**Exercise aim**. Give back an exact copy of the lines below, from the first through the line with "Used 2018 Honda Accord Sport image 15"; please stop there.

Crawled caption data
====
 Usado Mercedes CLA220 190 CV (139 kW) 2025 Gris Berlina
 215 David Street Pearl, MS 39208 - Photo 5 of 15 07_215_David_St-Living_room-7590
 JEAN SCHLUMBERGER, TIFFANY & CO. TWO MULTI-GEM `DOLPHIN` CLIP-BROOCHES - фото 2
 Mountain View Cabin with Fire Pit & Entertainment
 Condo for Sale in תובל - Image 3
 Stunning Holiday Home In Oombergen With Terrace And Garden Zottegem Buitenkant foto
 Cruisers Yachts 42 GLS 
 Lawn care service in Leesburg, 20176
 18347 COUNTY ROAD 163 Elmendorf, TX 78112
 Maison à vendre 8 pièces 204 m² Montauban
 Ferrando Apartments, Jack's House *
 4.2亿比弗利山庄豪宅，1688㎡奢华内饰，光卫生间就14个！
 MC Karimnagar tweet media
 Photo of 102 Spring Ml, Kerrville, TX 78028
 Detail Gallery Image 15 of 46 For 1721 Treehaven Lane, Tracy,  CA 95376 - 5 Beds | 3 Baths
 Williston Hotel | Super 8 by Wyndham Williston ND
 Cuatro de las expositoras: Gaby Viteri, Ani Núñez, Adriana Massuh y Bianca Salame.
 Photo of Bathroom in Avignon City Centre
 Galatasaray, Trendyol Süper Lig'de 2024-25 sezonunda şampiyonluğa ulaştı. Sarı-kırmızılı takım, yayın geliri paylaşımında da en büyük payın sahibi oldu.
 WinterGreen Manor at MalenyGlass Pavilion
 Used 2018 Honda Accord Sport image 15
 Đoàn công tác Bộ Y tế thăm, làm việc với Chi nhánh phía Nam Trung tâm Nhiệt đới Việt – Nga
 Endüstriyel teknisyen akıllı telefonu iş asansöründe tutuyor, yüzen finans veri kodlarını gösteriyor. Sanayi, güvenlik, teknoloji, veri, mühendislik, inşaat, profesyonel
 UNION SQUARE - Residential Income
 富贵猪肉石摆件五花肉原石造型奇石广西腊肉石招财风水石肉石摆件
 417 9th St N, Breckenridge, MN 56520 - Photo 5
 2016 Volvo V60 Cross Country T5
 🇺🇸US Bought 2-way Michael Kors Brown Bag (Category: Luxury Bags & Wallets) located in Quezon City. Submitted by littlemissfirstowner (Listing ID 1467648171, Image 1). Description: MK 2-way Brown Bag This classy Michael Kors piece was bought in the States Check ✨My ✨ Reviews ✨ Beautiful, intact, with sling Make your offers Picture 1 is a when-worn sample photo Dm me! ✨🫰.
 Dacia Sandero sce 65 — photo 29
====
**Task result**.
 Usado Mercedes CLA220 190 CV (139 kW) 2025 Gris Berlina
 215 David Street Pearl, MS 39208 - Photo 5 of 15 07_215_David_St-Living_room-7590
 JEAN SCHLUMBERGER, TIFFANY & CO. TWO MULTI-GEM `DOLPHIN` CLIP-BROOCHES - фото 2
 Mountain View Cabin with Fire Pit & Entertainment
 Condo for Sale in תובל - Image 3
 Stunning Holiday Home In Oombergen With Terrace And Garden Zottegem Buitenkant foto
 Cruisers Yachts 42 GLS 
 Lawn care service in Leesburg, 20176
 18347 COUNTY ROAD 163 Elmendorf, TX 78112
 Maison à vendre 8 pièces 204 m² Montauban
 Ferrando Apartments, Jack's House *
 4.2亿比弗利山庄豪宅，1688㎡奢华内饰，光卫生间就14个！
 MC Karimnagar tweet media
 Photo of 102 Spring Ml, Kerrville, TX 78028
 Detail Gallery Image 15 of 46 For 1721 Treehaven Lane, Tracy,  CA 95376 - 5 Beds | 3 Baths
 Williston Hotel | Super 8 by Wyndham Williston ND
 Cuatro de las expositoras: Gaby Viteri, Ani Núñez, Adriana Massuh y Bianca Salame.
 Photo of Bathroom in Avignon City Centre
 Galatasaray, Trendyol Süper Lig'de 2024-25 sezonunda şampiyonluğa ulaştı. Sarı-kırmızılı takım, yayın geliri paylaşımında da en büyük payın sahibi oldu.
 WinterGreen Manor at MalenyGlass Pavilion
 Used 2018 Honda Accord Sport image 15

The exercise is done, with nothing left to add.